“BETWEEN PERCEPTION AND REALITY”
One of my favorite clips on YouTube comes from a 2006 press conference immediately following Monday Night Football. Dennis Green was the head coach of a struggling Arizona Cardinals team at the time, and they’d just had the rug pulled out from underneath them by an undefeated yet one-dimensional Chicago Bears team that finished 13-3 that season and lost to the Indianapolis Colts at Super Bowl XLI. The common refrain from Dennis Green’s memorable outburst after losing was “They are who we thought they were!” . . . Or are they?
All these years later, this popular refrain has become a recurring theme in my life. We probably all know of people who we think we have all figured out and know so well. Some of them can never seem to get out of their own way for whatever reason because we have it in our heads that they just can’t help themselves. We think they are the way they are, that they’re set in their ways and that they’re not going to change.
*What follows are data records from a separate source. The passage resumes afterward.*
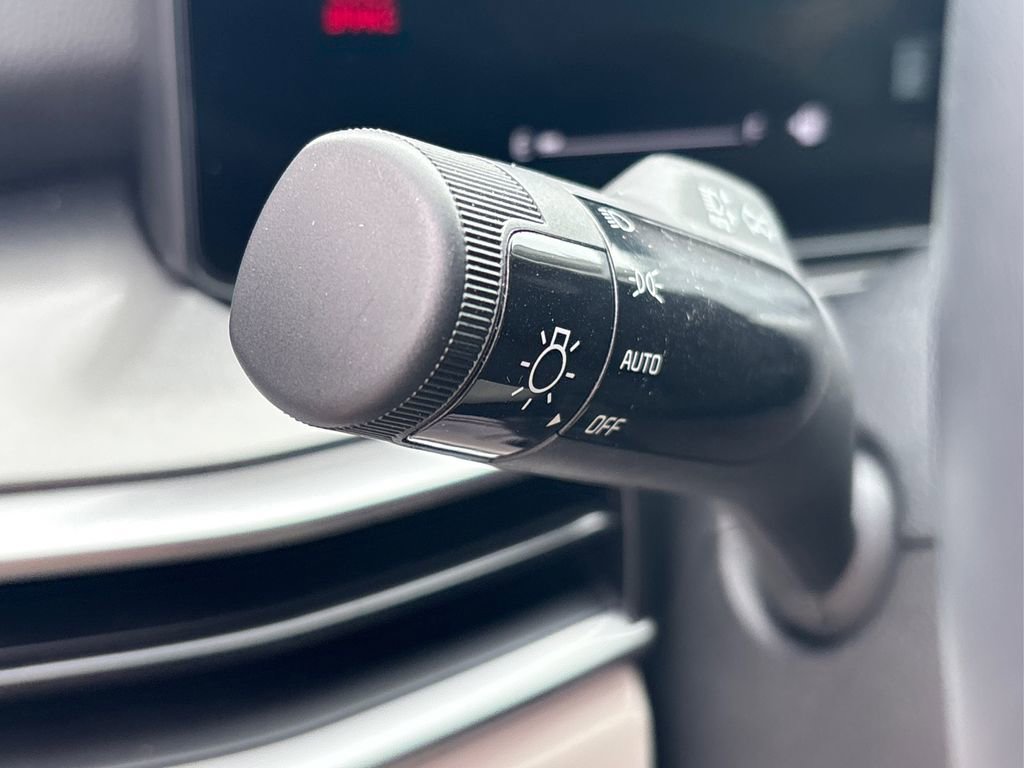 Certified 2025 Kia Sorento S w/ Panoramic Sunroof Package image 18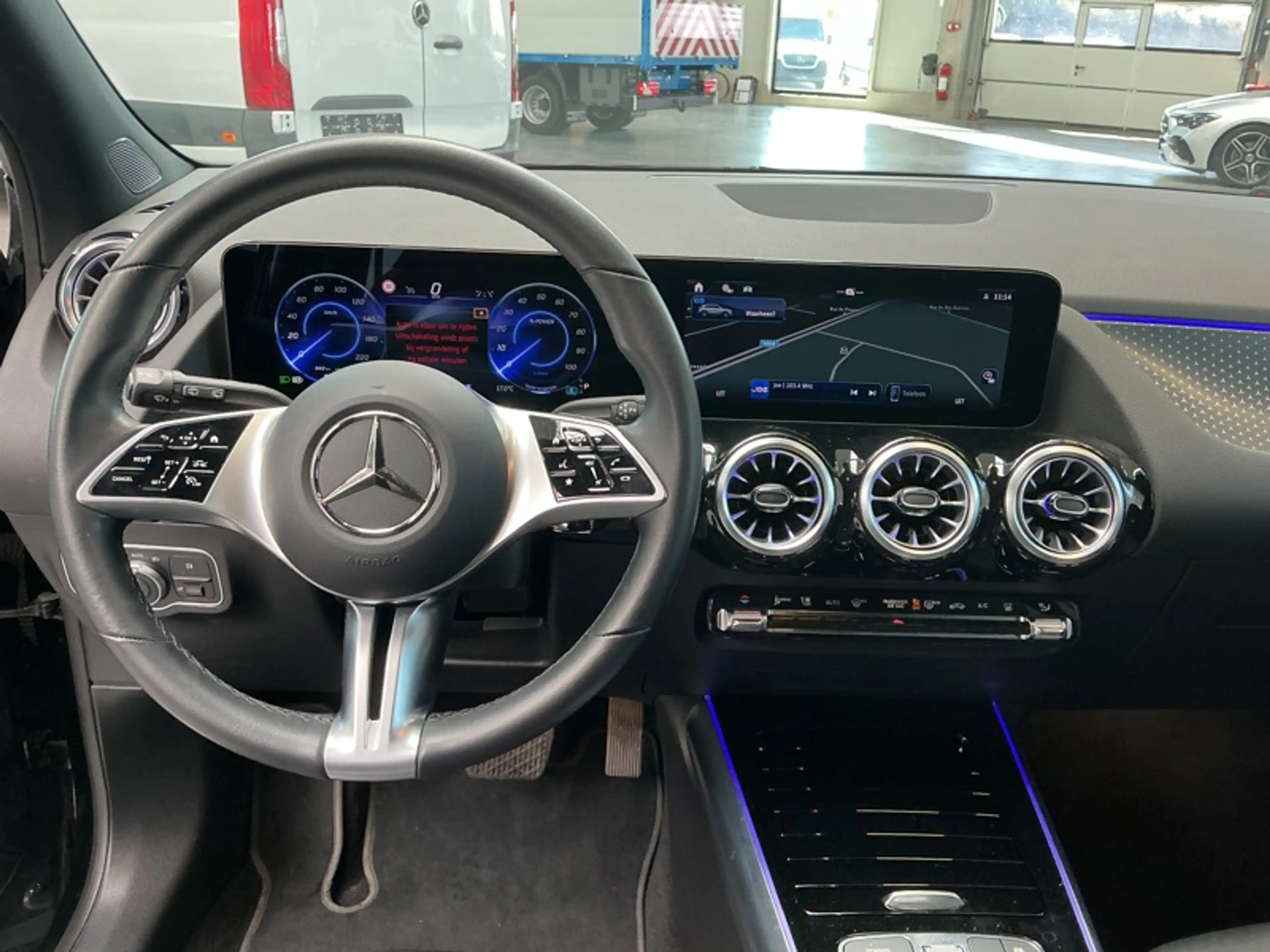 Mercedes-Benz EQA 250 + Luxury Line — photo 3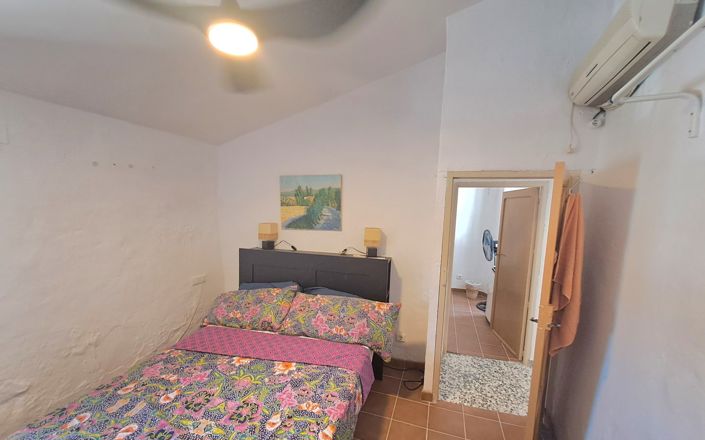 Image No.23-3 Bed House for sale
To an extent, that may be true. We don’t really know for sure because we don’t always have all the facts. This is where listening for the “untold story” comes in. Sometimes we have to look and listen for context clues and figure out what people aren’t telling us when we talk to them. I’ll admit, this was a bit of a challenge for me at times when I worked in social and human services.
We all probably also know of people who are absolutely convinced that the way they see things is the way things really must be. It can be difficult for some of these people to understand the difference between perception and reality, especially if they have a disability. I know I struggle with it from time to time. I’ll own up to that. My peripheral vision isn’t always the greatest. I feel like I can never be too careful when I’m dealing with other people. I feel like I always need to have my head on a swivel when I’m out and around. I don’t always trust very many people not to screw with me when I first meet them, and it takes me a while to warm up to other people sometimes before I can form an opinion one way or the other.
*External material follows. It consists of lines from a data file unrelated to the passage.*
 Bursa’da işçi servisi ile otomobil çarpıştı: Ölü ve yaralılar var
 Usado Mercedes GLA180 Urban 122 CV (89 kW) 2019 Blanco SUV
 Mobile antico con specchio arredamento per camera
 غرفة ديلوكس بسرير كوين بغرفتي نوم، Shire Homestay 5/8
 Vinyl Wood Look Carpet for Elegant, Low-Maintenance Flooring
I’m Italian on my father’s side, and I have a bit of a “mob mentality” because of it. I wish it didn’t always bother me so much when my family and friends aren’t being treated the way they should be treated. But at the same time, I feel like taking things personally is the only way I can ever truly care about anything. I’ll be honest, I was a growing papa bear for a while, and I got a little too feisty for my own good recently. I know I’m not always so easy to deal with and I’m not always so pleasant to be around. I’m just glad I have people in my life that care about me who can redirect me and calm me down when my emotions get the better of me.
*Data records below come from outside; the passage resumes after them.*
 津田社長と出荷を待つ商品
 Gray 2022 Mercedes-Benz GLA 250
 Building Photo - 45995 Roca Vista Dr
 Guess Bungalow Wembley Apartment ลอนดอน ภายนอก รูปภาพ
Part of my problem is that I often put too much thought into everything, and that can make things overwhelming for me. Not only does it make thinking hard, but it makes it hard for me to think. I’ve always found it helpful having another person help me process things in my head, especially during times of stress and conflict. Many times, a lot of unresolved issues any of us may have can usually be taken care of just by talking things out and thinking out loud. I know I’ve always gotten more accomplished that way.